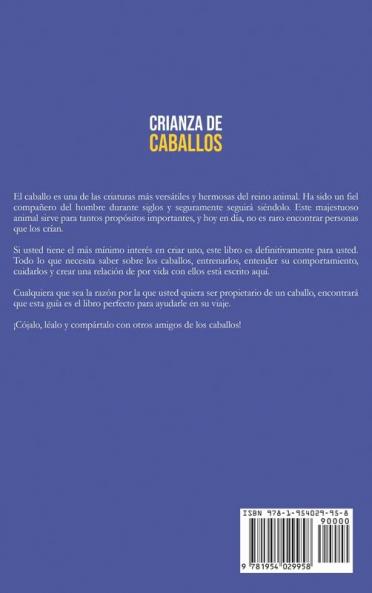 Crianza de caballos: La guía definitiva para la cría el entrenamiento y el cuidado de los caballos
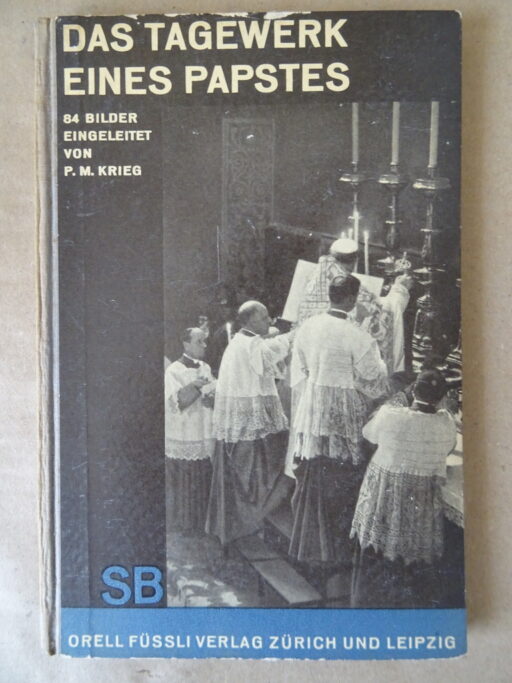 Dr. P. M. Krieg Das tagewerk eines papstes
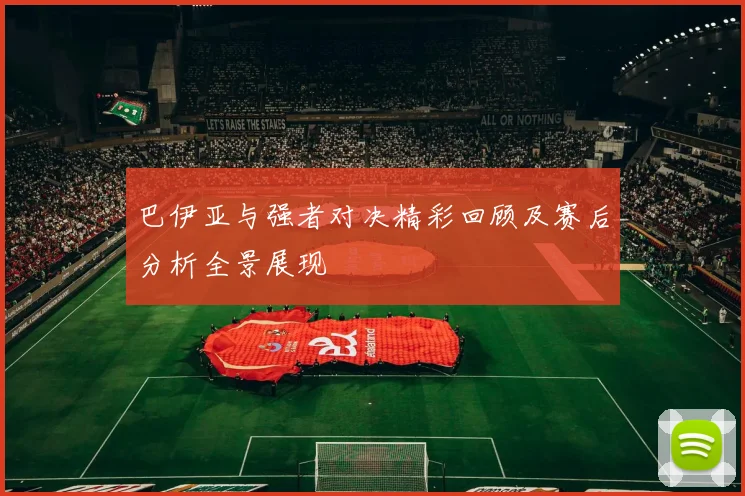 巴伊亚与强者对决精彩回顾及赛后分析全景展现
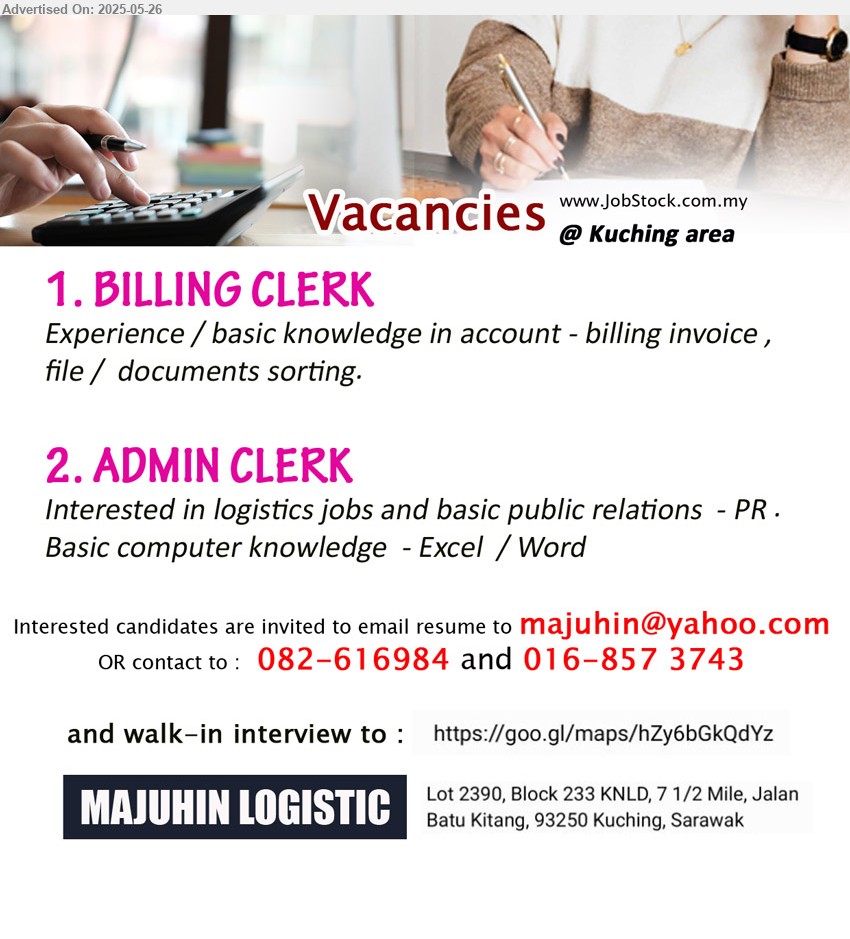 MAJUHIN LOGISTIC - 1. BILLING CLERK (Kuching), Experience / basic knowledge in account - billing invoice, file / documents sorting,...
2. ADMIN CLERK (Kuching), Interested in logistics jobs and basic public relations ,...
Contact: 082-616984 and 016-8573743 / Email resume.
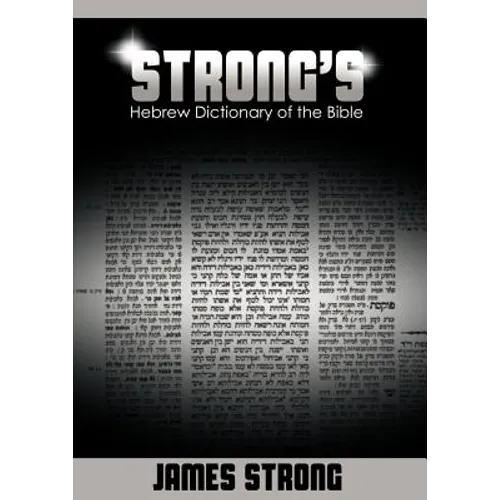 Strong's Hebrew Dictionary of the Bible (Strong's Dictionary) - Paperback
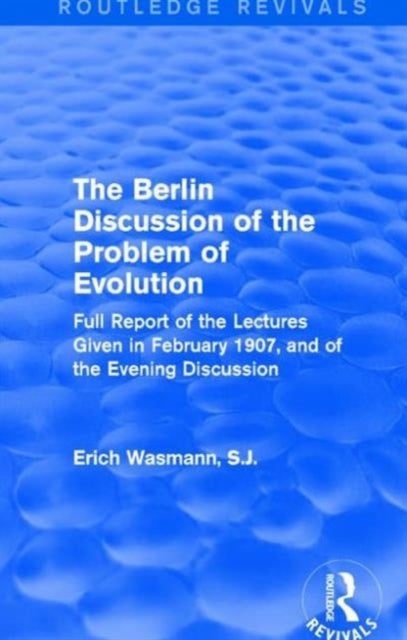 Book cover of: Berlin Discussion of the Problem of Evolution. By: Wasmann, S.J., Erich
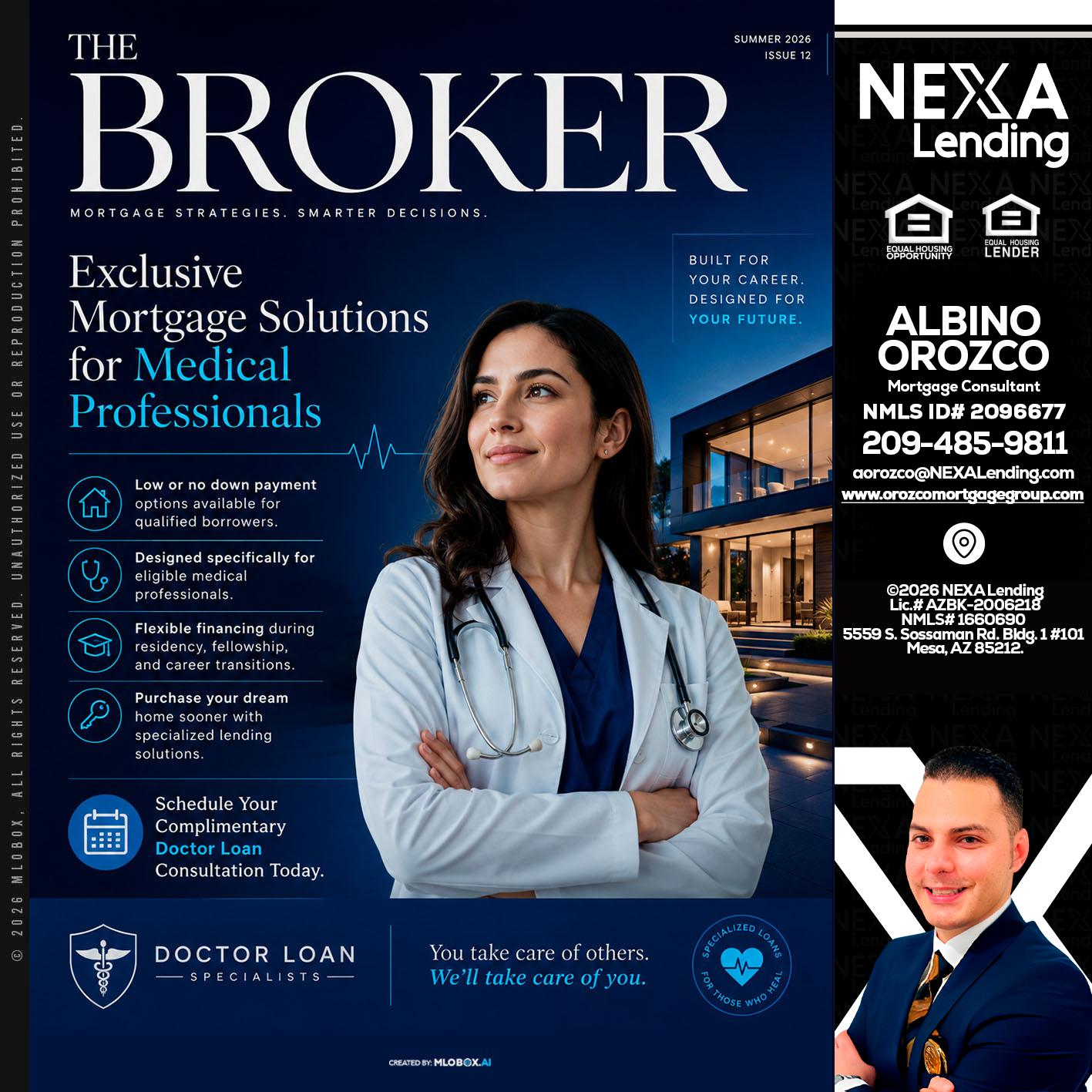 THE BROKER - Albino Orozco -Mortgage Consultant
--
-- WHAT YOU WILL DO --
Give again, word for word, only the lines from the one with "巴伊亚与强者对决精彩回顾及赛后分析全景展现" through the last line of the entries, both included; no pictures go in the copy.

-- REPLY --
 巴伊亚与强者对决精彩回顾及赛后分析全景展现
 MAJUHIN LOGISTIC - 1. BILLING CLERK (Kuching), Experience / basic knowledge in account - billing invoice, file / documents sorting,...
2. ADMIN CLERK (Kuching), Interested in logistics jobs and basic public relations ,...
Contact: 082-616984 and 016-8573743 / Email resume.
 Strong's Hebrew Dictionary of the Bible (Strong's Dictionary) - Paperback
 Book cover of: Berlin Discussion of the Problem of Evolution. By: Wasmann, S.J., Erich
 THE BROKER - Albino Orozco -Mortgage Consultant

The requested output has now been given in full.